Podría poner muchos ejemplos de por qué la lectura de este libro es uno de esos placeres a los que uno sucumbe con placer en las horas muertas de las tardes, pero quiero detenerme sólo en dos que, por razones estrictamente personales, me resultan bastante próximos. El primero, «La lluvia siempre vuelve», lo leyó en el otoño de 2007 en las jornadas de escritores de Pravia, allá por las fechas en que nos conocimos, y es una larga divagación acerca de los recovecos semánticos que se agazapan tras el sintagma tierra natal. En él, el hombre que convirtió Oviedo en Lloviedo comienza extraviándose en reminiscencias familiares —«De toda la ropa que heredé de mi padre, conservo sus guantes, su gabardina y dos pares de zapatos que me hacen daño al andar, como cuando vivíamos juntos. Conservo también la sorpresa de usar la misma talla en casi todas las prendas, después de habernos creído tan diferentes, después de habernos equivocado tanto»— para culminar en una revelación tan audaz como gozosa: «La lluvia siempre vuelve, porque no se fue nunca. La lluvia siempre vuelve, también, porque sabe que aún quedan muchas cosas por decir y cada vez menos tiempo para hacerlo. Lo amado se deshace, como se van la luz, los padres, los inviernos, el amor, la verdad y las ventanas, como se va de pronto hacia uno mismo sin saber siquiera dónde estás». El segundo, «Aula de las Metáforas», contiene la intervención que pronunció el día en que se inauguró en Grau, la villa donde viniera al mundo su progenitor, la que quizá sea su criatura más querida. El carácter singular de aquella fecha vino dado desde su misma ubicación en el calendario —fue un 29 de febrero, uno de esos días que se repiten cada cuatro años— y quedó refrendado con una gigantesca e inusual nevada que tiñó de blanco el occidente asturiano. Las palabras que Beltrán dijo en esa ocasión terminaron de subrayar la magia de una velada que ha quedado inscrita con letras de oro en la historia reciente de la cultura norteña. Dijo entonces: «Se sabe dónde comienza, pero jamás dónde concluye una metáfora. Pone el poeta un paisaje ante sus ojos y la vista de pronto se desborda en montañas de tinta, o en océano de letras, o en un bosque de versos simplemente que al final intentan, sin conseguirlo nunca, suplir a una mirada, que es, o sería al fin y al cabo, otro poema perfecto».

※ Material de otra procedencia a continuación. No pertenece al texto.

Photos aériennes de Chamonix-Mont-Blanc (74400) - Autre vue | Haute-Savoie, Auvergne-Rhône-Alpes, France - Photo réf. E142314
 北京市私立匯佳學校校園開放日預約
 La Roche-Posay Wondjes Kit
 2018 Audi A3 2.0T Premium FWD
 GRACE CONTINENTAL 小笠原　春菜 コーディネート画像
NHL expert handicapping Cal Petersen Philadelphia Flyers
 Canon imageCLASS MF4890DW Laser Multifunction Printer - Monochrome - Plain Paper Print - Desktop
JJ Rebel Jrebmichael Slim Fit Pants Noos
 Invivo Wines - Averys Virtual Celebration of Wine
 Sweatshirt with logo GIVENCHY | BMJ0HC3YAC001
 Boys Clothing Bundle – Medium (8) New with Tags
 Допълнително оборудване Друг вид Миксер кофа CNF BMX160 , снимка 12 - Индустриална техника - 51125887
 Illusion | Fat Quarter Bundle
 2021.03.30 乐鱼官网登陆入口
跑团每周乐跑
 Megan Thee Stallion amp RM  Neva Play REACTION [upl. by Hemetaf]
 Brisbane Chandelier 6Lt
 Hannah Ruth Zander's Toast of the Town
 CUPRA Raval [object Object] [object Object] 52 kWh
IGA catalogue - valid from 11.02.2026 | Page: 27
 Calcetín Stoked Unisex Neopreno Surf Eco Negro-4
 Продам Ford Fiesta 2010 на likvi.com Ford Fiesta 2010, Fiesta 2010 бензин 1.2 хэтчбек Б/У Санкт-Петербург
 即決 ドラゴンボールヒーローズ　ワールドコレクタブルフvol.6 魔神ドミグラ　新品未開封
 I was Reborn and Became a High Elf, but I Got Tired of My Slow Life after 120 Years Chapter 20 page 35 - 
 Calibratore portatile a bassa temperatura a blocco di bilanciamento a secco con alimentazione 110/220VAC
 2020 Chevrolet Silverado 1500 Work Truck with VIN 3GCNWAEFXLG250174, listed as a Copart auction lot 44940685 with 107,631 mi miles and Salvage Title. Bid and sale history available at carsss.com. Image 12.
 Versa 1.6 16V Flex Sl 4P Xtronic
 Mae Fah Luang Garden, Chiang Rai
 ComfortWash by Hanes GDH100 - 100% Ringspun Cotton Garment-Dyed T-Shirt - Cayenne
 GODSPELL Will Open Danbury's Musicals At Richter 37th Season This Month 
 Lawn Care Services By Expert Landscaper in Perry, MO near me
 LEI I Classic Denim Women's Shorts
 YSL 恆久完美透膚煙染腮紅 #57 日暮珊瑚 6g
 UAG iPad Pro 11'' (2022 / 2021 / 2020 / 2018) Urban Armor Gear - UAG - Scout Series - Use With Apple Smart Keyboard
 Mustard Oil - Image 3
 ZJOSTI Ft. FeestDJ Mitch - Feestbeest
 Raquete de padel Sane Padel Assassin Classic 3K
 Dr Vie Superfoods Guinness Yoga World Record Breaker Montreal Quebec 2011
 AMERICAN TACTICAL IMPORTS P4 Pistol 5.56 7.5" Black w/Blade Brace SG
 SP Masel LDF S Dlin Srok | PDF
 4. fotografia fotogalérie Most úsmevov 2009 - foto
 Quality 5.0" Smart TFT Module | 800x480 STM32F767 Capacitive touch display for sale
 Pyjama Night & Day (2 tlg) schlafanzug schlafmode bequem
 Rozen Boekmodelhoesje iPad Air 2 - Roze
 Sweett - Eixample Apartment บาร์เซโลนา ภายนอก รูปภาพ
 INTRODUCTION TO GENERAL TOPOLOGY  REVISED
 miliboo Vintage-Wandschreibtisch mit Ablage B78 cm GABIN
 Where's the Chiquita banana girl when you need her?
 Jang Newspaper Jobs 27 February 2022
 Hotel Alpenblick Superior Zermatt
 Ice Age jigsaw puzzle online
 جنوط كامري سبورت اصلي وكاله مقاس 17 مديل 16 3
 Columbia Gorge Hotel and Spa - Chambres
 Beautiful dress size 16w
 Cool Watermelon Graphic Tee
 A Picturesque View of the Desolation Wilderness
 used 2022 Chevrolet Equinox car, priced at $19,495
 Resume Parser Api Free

Todo en Fernando Beltrán, que vive de ponerles nombres a las cosas para que no haya que señalarlas con el dedo, es una gran metáfora. Quizá sea una metáfora también él mismo. El hombre de la melena brava y encanecida, de las gabardinas larguísimas, de las bufandas al viento, aparece y desaparece con la misma facilidad con la que brota y se disuelve la espuma de sus versos para permanecer luego, indeleble, en la memoria. Nos vimos por última vez hace unas semanas, en una cafetería cualquiera, y en los escasos minutos que transcurrieron entre la llegada de su autobús y el abordaje de un taxi le dio tiempo a condensar en el fulgor de unas pocas palabras todo el resplandor de la amistad y las complicidades. Luego se despidió poniendo entre mis manos este libro. «Aquí una parte contra viento y a favor de marea de mi vida», escribió en las páginas de respeto a modo de dedicatoria, pero es en realidad su vida entera la que queda desnuda en sus renglones. Esa vida que a él le va en ello, por suerte para nosotros.